The City Girls’ JT starring in Mowalola’s Beats By Dre campaign offered an opportunity to reflect on her aspirations of representing women where she’s from: women from the hood. Immediately after the futuristic campaign imagery, shot by Hugo Comte, hit platforms like X and Instagram, some fans expressed their confusion with it. Despite that, it’s a defining image that personifies her current era as a female voice in hip hop–with this imagery, she’s challenging ideals of what is viewed as acceptable for women artists straight from the lineage of the titans that came before her: Lil’ Kim and Foxy Brown. The risqué looks both of these artists executed allow the current crop of women in rap to conceptualize their images fearlessly. JT is a part of this lineage due to the successful blueprints laid down before her.
Years back writer and content creator Wanna Thompson wrote an essay exploring a specific notion entitled “Black Girls From The Hood Are The Real Trendsetters.” This essay came to mind as JT took to Instagram to defend her right to be a part of fashion spaces that may appear to be different from what her fans feel she might have set out to be a part of. “The hood’s influence is displayed in various fashion collections and Instagram profiles that resemble the women who are consistently labelled unkempt,” Thompson wrote.
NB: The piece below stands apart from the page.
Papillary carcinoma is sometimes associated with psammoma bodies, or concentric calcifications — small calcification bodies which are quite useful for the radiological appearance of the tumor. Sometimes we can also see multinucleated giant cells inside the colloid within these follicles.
In defense of her appearance in Mowalola’s campaign, JT shared: “I’ma do this [sic] for my people, girls who look like me and from the hood, they can do this,” the rapper said. “Because it’s not just for fashion people. Campaigns are not just for people who look a certain type of way–this [sic] is not just tailor-made.” This raises a point that further pushes the agenda forward that women in music at times subvert what fans might feel works best for them especially style-wise–it’s a juxtaposition that might land flat with some, but the experimentation typically is met with disconnect.
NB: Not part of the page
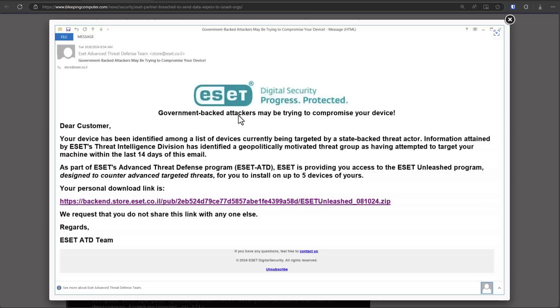Imagine coming across an email like this. It looks like it's coming from the official ESET domain. ESET, of course, is an antivirus or security solutions provider.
Women from unmoneyed backgrounds typically receive the most backlash, and JT is aware of all of these ideals, but she chooses to continue moving forward with experimenting. In recent months, she starred in a Poster Girl campaign which raised eyebrows for its raunchiness. In the past year, she’s also been choosing to wear Rick Owens, Jean Paul Gaultier, and Mowalola–Miso Dam, her current stylist, has largely been a part of this fashion evolution. Her late stylist and close friend, Monica Suh, was responsible for her shifting tastes too.
“Just because I’m from where I’m from does not mean I need to be in spandex and shark boots every [sic] day,” she continued on her Instagram Live. “I got IG baddie clothes, I got every clothes y’all could name. I choose to step outside the box.” This declaration is helpful as it notes how she is just getting started with her newly-fledged fashion era. Dressing sexy whilst pushing style barriers by wearing designers she’s never worn in the past is part of what she’s embracing right now in real-time.
“Y’all be wanting [sic] that y’all can easily duplicate so y’all can be like them,” JT added further noting that she’s not interested in being a cookie-cutter creation. “That’s the [sic] y’all praise because it’s easy for y’all to do.”
JT emphasizing that she no longer has an interest in dressing acceptably is what the Mowalola campaign is presenting. This buzzy campaign moment is a rallying cry for women from the hood deserving space to embrace high fashion, and create legitimate and enjoyable music, while also continuing to explore their femininity.